Buying code with credit cards

18F is experimenting with a fast-paced reverse-auction acquisition model that could, potentially, enable agile projects to get code delivered and paid for in a week.

Shutterstock vectors (by Vector Department & Vjom): paying with a credit card, binary blue background.

(Vector Department & Vjom / Shutterstock)

Who needs a full acquisition process to buy chunks of code?

The General Services Administration's 18F is planning an acquisition experiment in which small chunks of code could be paid for with "micro-purchase" authority -- $3,500 or less on a government credit card, the outfit announced in a blog post.

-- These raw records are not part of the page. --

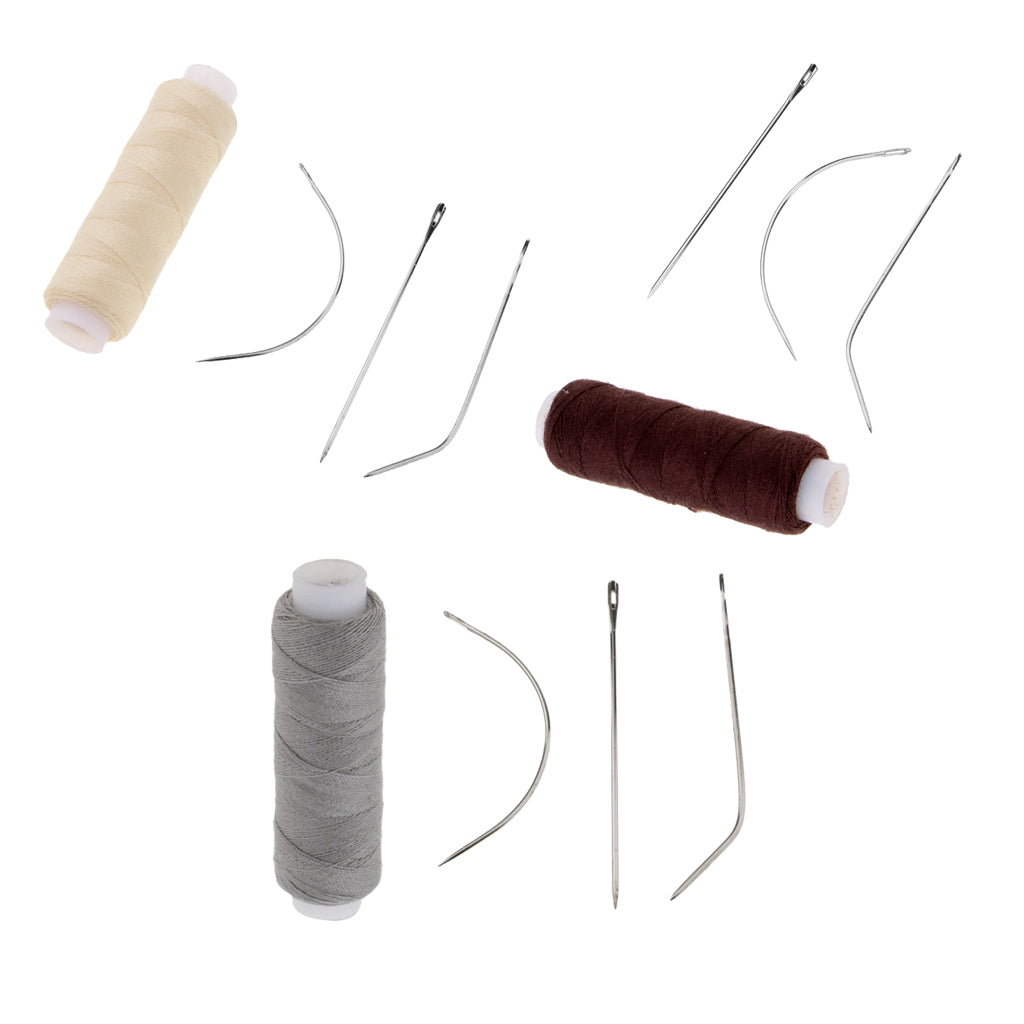 4 Set Hair Sewing Weaving Thread Needles Kit for Hair Extentions Weft Braids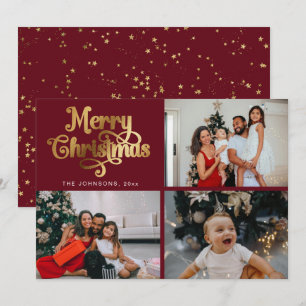 Cartes Pour Fêtes Annuelles Faux Gold Joyeux Noël Famille Photo Collage
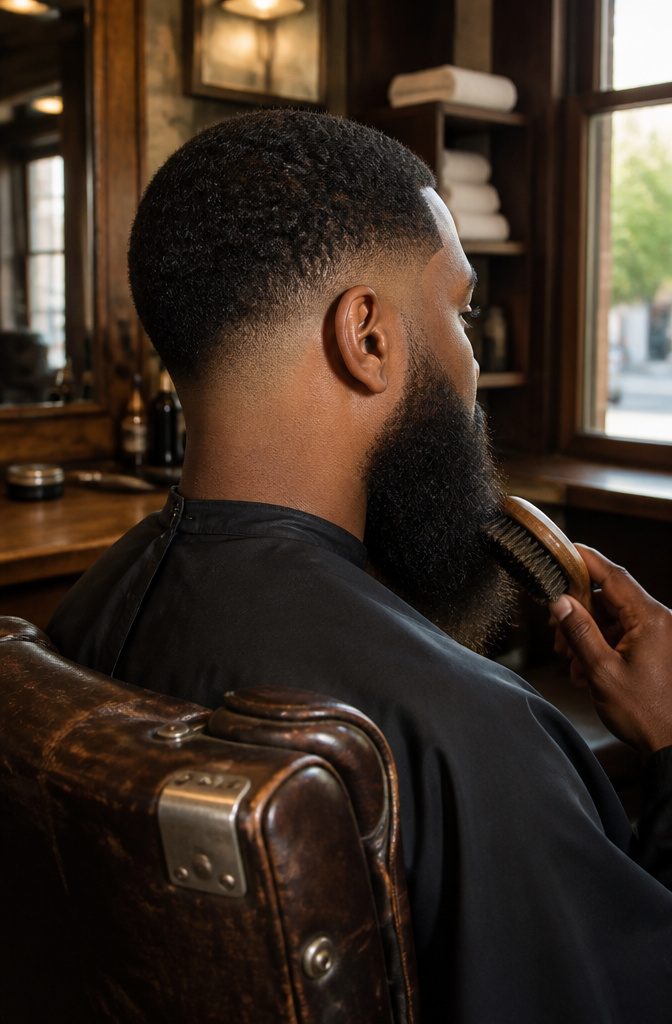 Man with a low taper and long beard with a short upper sideburn.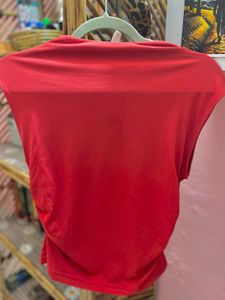 H&M Gathered Cap-Sleeved Top - Size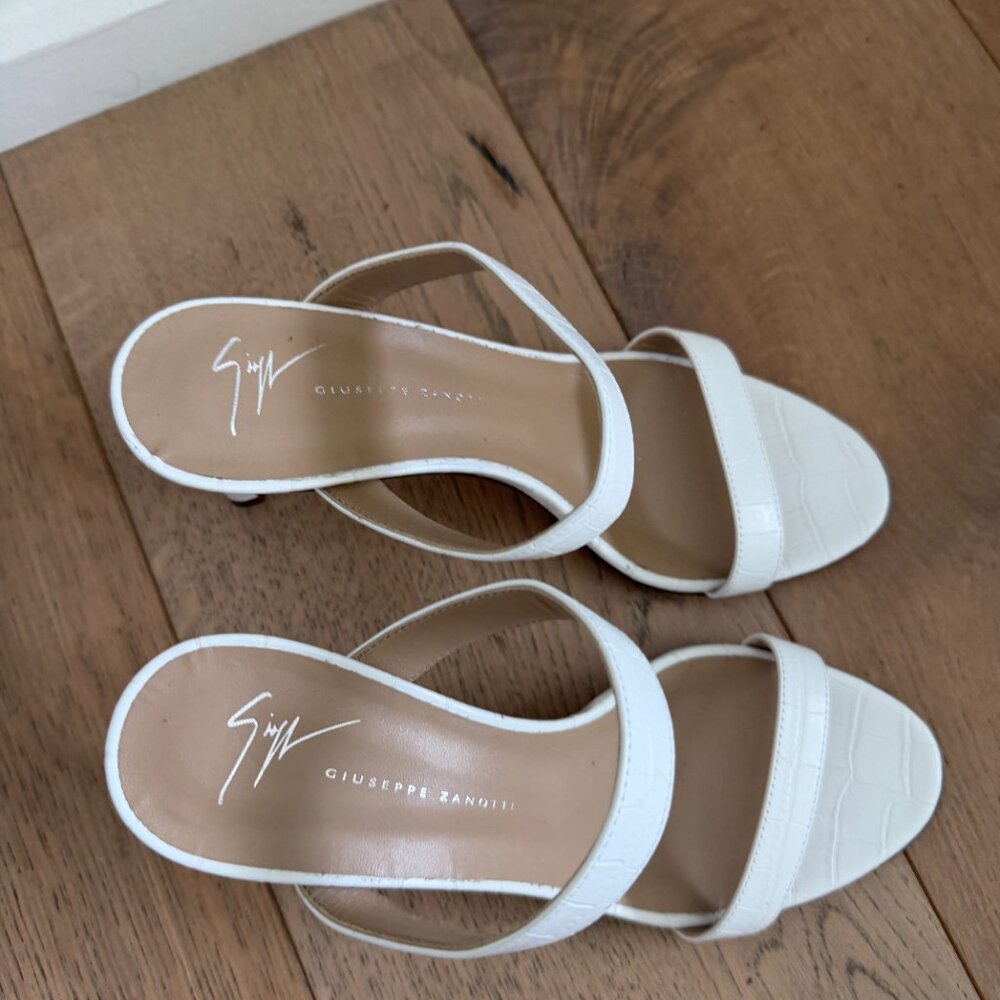 Giuseppe Zanotti Calista White Leather Mule Heels 120mm EU 37 Minimal - Picture 3 of 7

Here's the plan: On Monday, Oct. 26, 18F will post a "micro-purchase" tag on a GitHub issue in the CALC repository, with a "starting bid" of $3,499 and acceptance criteria, not requirements, laid out. The work will go to the lowest bidder, who will have 10 working days to deliver. If the lowest bidder doesn't come through, the next lowest bidder will get a 10-working-day crack at it, explained 18F "Bureaucracy Hacker" Dave Zvenyach.

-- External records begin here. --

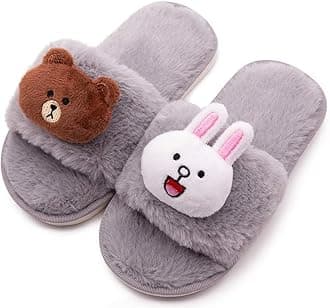 techcity Boys Girls Fuzzy House Slippers Cute Comfy Faux Fur Slip On Fluffy Plush Open Toe Home Slides for Kids Indoor Outdoor Warm Shoes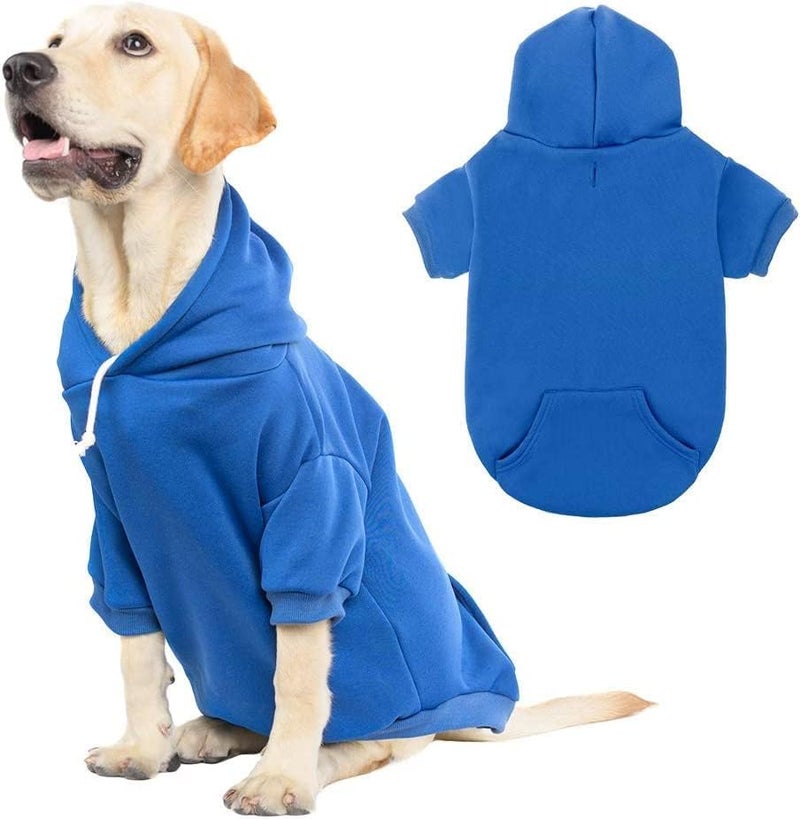 KOOLTAIL Dog Hoodie for Large Medium Small Dogs,Soft and Warm Pet Sweater with Leash Hole and Pocket Boy Girl,Puppy Fall Winter Jacket Clothes,French Pitbull Cold Weather Coat Sweatshirt,Blue L - Image 1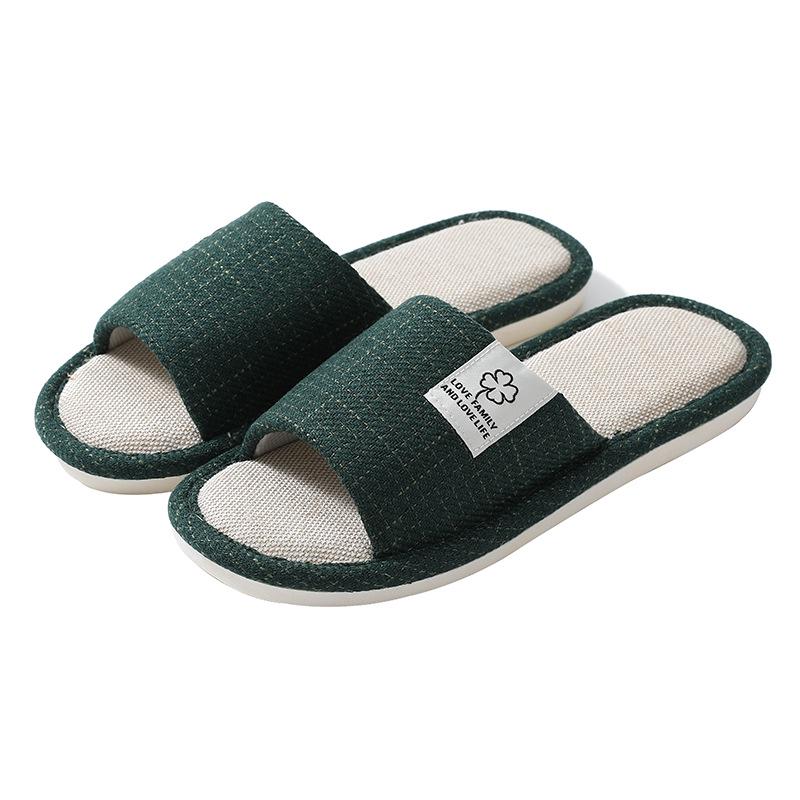 Four Seasons Non-Slip Linen Slippers for Men and Women—Couple's Flat Bottom Solid Color Summer Indoor Footwear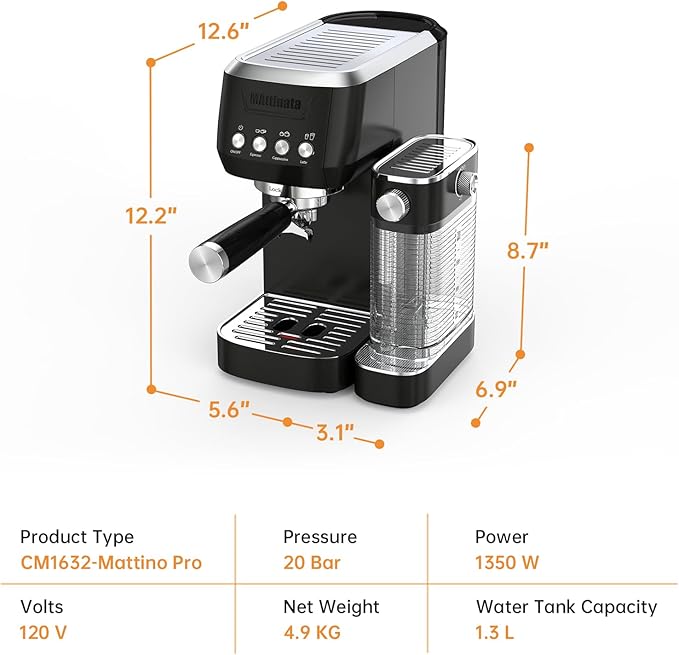 MAttinata Cappuccino Machine 20 Bar, Professional Espresso Machines for Home and Office with Automatic Milk Frothering System, Barista Compact Latte Maker for Coffee Lovers, Stainless Steel-Black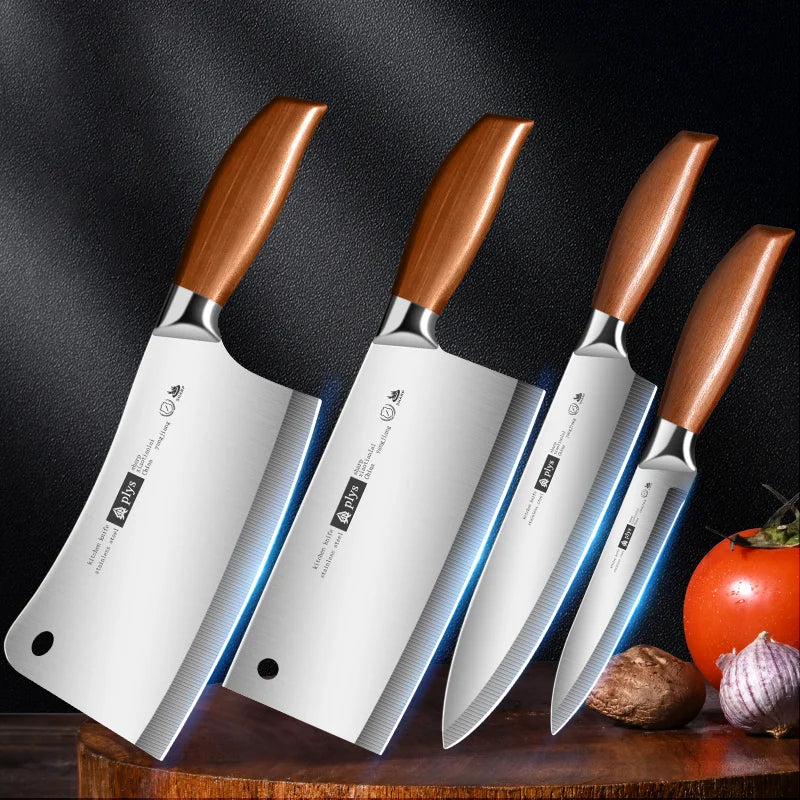 Professional Kitchen Knife 4 Piece Set Home Sharp Cleaver Multi Purpose Slicer Professional Chef Knife Fixed Blade Paring Knife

The initial run will be limited to companies registered with the federal System of Award Management.

Micro-purchasing might have more of a reputation as an abused tool than as an agile innovation launch pad, and 18F (which is also developing the Communicart tracking tool to help feds manage credit card micro-purchases) acknowledges the risks in the new undertaking.

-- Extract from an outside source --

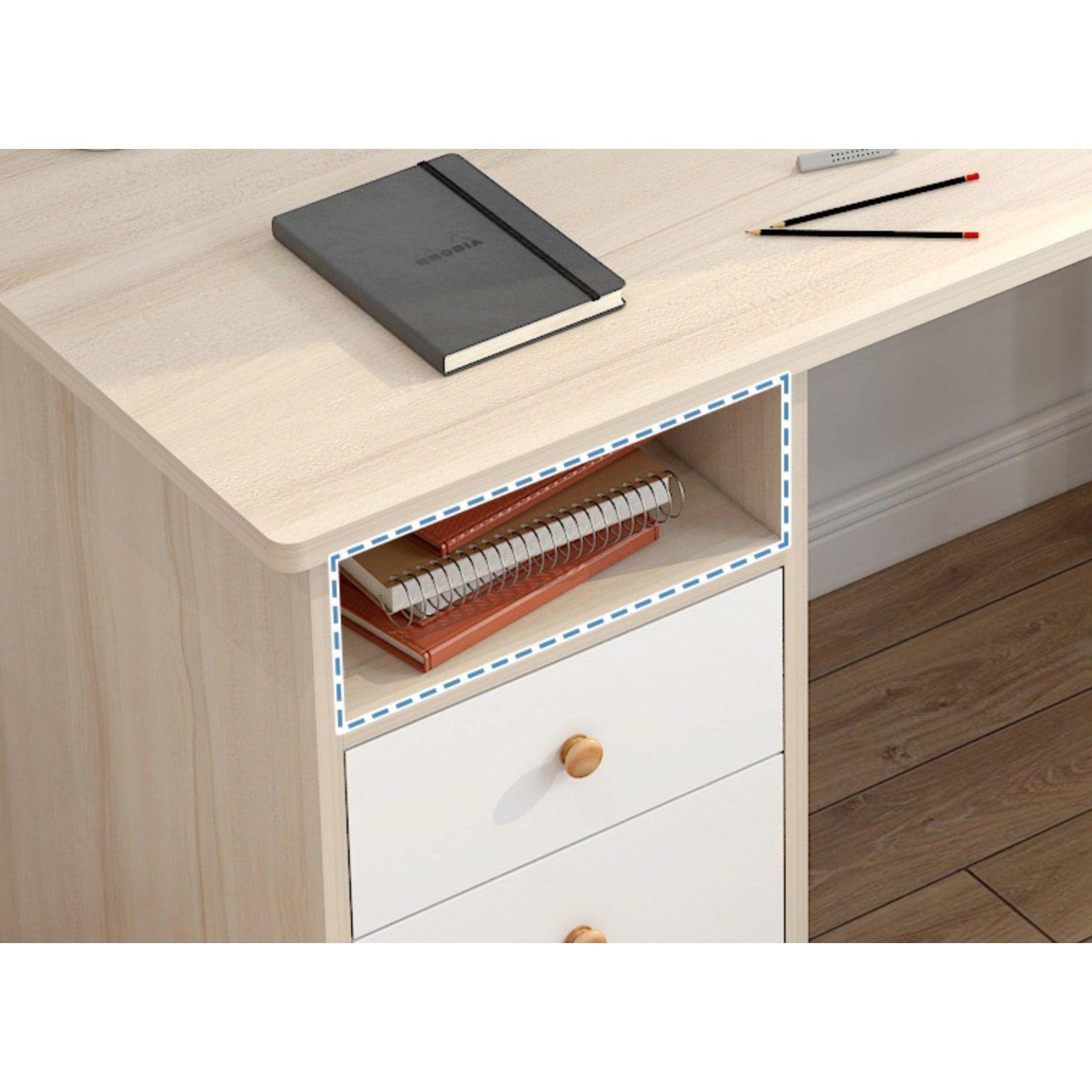 Homer Design Escritorio Oficina Madera Con Cajones Reforzado Pie Redondo-5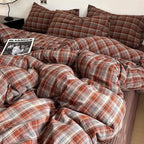 PinkMemory Caramel Blue Gingham Duvet Cover King 100% Washed Cotton Buffalo - Image 3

"It's true; this might be a terrible idea," Zvenyach wrote. "But at 18F, we're committed to experimentation, and we want to see what happens."

The "digital incubator" is willing to give it a shot.

"Our hypothesis is that vendors can ship great code under the micro-purchase threshold, and we see opportunity to use procurement authority in new and productive ways," Zvenyach wrote. "If it works, that would be fantastic. If it doesn't, it'll be an inexpensive experiment and we will have learned some new things."